- [WHAT YOU HAVE TO DO] Below is a listing with pictures in it; transcribe exactly the lines from the one that has "适当进行康复训练，帮助恢复功能； 5. 如果头痛严重，可以口服西比灵、养血清脑颗粒或路盖克等药物缓解症状。" through the one that has "Noah's Catastrophic Global Flood: Noah's", and omit those pictures.
Start of Block
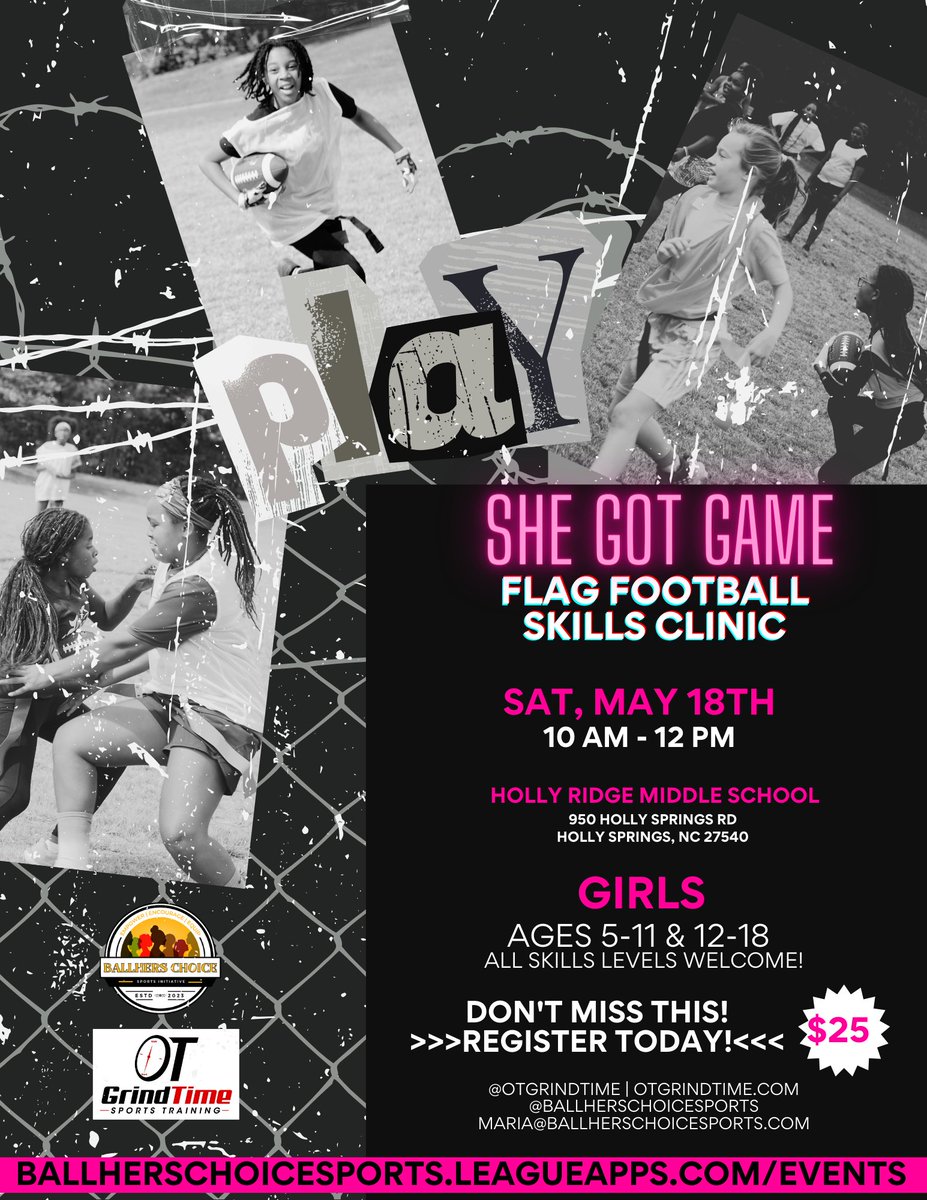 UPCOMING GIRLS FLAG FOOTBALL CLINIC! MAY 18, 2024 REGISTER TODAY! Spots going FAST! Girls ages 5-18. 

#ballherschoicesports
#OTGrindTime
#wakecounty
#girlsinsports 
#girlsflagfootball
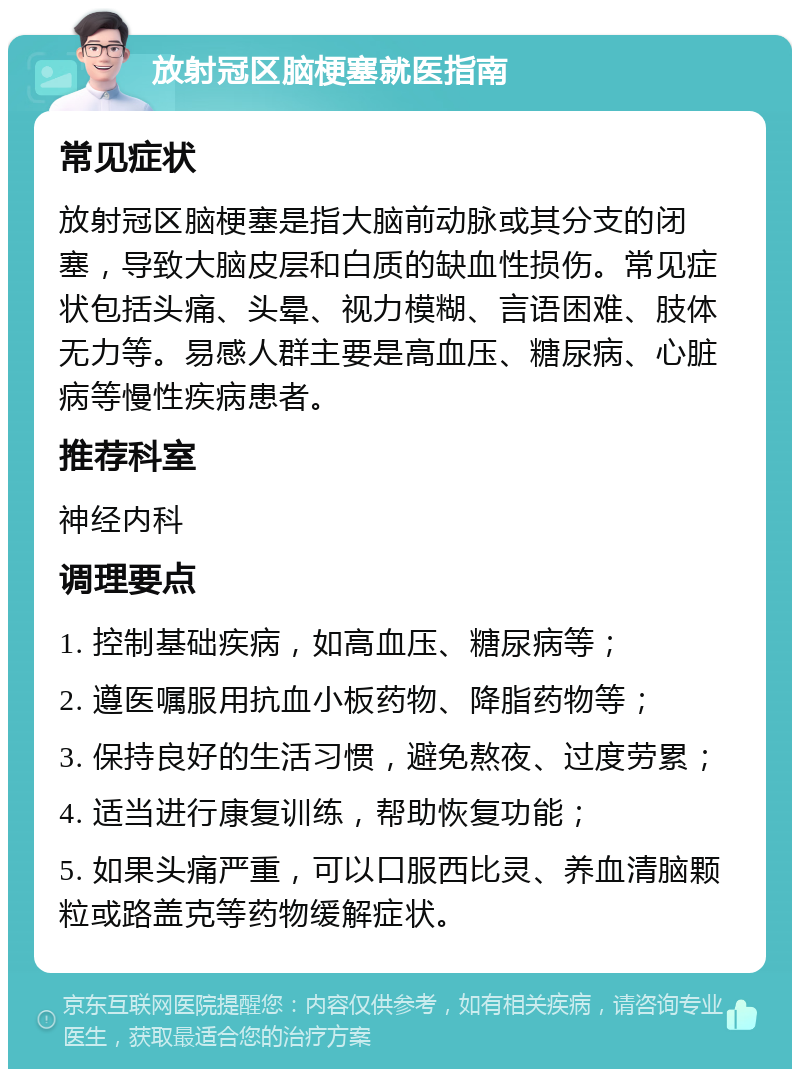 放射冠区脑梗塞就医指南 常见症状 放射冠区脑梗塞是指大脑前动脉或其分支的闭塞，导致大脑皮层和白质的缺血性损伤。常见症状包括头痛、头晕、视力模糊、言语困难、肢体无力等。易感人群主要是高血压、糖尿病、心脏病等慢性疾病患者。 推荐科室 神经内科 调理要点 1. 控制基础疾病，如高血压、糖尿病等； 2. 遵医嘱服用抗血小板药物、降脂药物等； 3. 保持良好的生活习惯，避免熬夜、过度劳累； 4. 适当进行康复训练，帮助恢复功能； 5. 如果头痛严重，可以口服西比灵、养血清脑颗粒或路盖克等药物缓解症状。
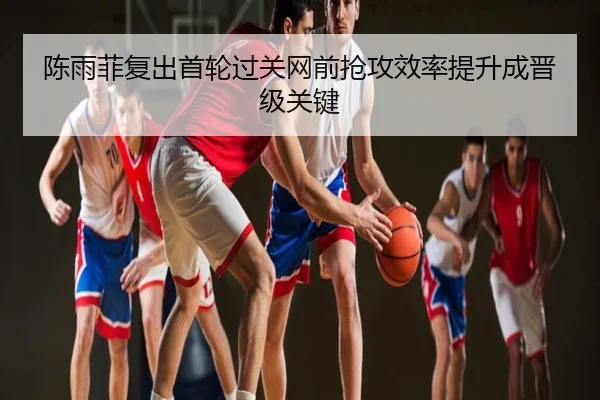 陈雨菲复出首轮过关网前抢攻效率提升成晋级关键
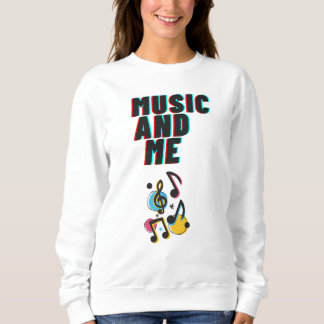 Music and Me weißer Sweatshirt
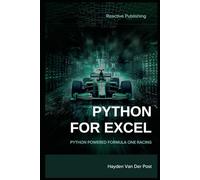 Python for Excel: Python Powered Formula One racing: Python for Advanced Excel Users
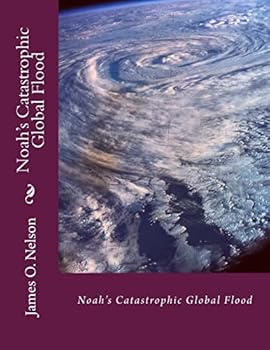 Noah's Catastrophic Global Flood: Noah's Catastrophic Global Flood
End of Block
Start of Block
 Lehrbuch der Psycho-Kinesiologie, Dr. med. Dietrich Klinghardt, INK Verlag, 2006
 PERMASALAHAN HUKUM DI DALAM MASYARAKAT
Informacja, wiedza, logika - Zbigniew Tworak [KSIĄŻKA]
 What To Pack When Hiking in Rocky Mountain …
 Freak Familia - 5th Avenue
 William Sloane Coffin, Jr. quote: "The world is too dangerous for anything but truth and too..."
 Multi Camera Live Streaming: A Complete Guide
End of Block
- [THE COMPLETED TASK]
 放射冠区脑梗塞就医指南 常见症状 放射冠区脑梗塞是指大脑前动脉或其分支的闭塞，导致大脑皮层和白质的缺血性损伤。常见症状包括头痛、头晕、视力模糊、言语困难、肢体无力等。易感人群主要是高血压、糖尿病、心脏病等慢性疾病患者。 推荐科室 神经内科 调理要点 1. 控制基础疾病，如高血压、糖尿病等； 2. 遵医嘱服用抗血小板药物、降脂药物等； 3. 保持良好的生活习惯，避免熬夜、过度劳累； 4. 适当进行康复训练，帮助恢复功能； 5. 如果头痛严重，可以口服西比灵、养血清脑颗粒或路盖克等药物缓解症状。
 陈雨菲复出首轮过关网前抢攻效率提升成晋级关键
 Music and Me weißer Sweatshirt
 Python for Excel: Python Powered Formula One racing: Python for Advanced Excel Users
 Noah's Catastrophic Global Flood: Noah's Catastrophic Global Flood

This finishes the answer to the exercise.